In a telephone interview, Charlotte Foote, a native of Riceville and a member of Mount Olive church, specified the size of old town.

“From what I was told, the boundaries of Riceville extended from 610, to Highway 90, to Westpark, to Highway 6.  Bissonnet” – Foote gives it the old school Houston pronunciation, where the esses become zees – “used to be called Old Richmond Road. Today, Riceville is very, very small, and really only known by the Black people in the area. It’s Brays Oaks to the people who have moved in. And now what I feel is still Riceville is only about four streets.”

There was also a school, Foote adds, comprising grades one through six in days before kindergarten. It stood roughly where the Houston Independent School District’s Valley West Elementary is today. 

Roberts explained how Freedom Colonies came to be:

“[After Emancipation], there were a number of options: go to the cities immediately, stay and become a sharecropper, or steal away to the woods or remote areas of land that no one wanted and build communities out of nothing. A lot more people opted for the third option than we previously thought.”

In 1870, the first Census post-Emancipation, Blacks owned only two percent of the land in Texas. Roberts points out that by 1910, that number had increased 15-fold to 31 percent.
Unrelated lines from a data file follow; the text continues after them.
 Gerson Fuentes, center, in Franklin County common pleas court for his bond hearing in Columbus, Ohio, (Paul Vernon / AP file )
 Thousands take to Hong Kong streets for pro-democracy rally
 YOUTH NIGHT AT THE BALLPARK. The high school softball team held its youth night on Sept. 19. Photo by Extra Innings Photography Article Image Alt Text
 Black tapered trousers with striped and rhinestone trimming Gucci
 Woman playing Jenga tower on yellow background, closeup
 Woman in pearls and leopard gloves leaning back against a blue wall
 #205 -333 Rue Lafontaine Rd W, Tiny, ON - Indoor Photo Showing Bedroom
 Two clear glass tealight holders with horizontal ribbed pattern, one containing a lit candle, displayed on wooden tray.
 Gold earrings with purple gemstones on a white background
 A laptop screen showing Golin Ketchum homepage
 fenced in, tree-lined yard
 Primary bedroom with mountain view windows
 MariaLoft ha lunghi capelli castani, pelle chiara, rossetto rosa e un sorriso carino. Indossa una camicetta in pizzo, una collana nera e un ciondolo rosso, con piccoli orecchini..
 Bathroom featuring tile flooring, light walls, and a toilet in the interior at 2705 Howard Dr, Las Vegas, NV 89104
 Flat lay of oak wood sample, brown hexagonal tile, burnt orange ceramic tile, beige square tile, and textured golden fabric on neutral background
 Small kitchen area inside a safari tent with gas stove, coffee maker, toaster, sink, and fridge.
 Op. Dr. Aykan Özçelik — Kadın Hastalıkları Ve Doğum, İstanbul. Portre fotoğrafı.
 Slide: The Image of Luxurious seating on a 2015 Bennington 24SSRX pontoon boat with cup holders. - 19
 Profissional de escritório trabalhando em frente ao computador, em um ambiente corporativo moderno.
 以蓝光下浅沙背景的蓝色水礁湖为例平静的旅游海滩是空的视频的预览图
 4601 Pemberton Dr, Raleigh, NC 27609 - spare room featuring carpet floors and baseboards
 “And there was also an explosion of African-American elected officials,” she said. “But there was also an explosion of reactionary, violent aggression toward African-Americans for all their gains. African-Americans clustered together to build communities from scratch, to take care of themselves — to build anchor institutions, and pool their resources, but also to protect themselves by living in these somewhat remote areas on the edge of cities.” (You can monitor and/or possibly contribute to the progress of her Texas Freedom Colonies Project here.) 

Riceville is no longer remote nor on the edge of anything save for the borders between the cities of Houston, Meadows Place and Missouri City. But the church is still thriving today, and in lieu of a historical marker from the state of Texas, its cornerstone, and the names and dedications of those interred in the cemetery, tell the community’s history in engraved stone for eternity, or near enough. 

“We are looking to expand,” says Jerry Gardner, business manager at Mount Olive. “We have a new pastor” – the Reverend Calvin M. McFadden Sr. – “and we are looking to build a possible Riceville school and senior citizens’ home.”

Riceville’s history may be hidden to most Houstonians, but it is still being written.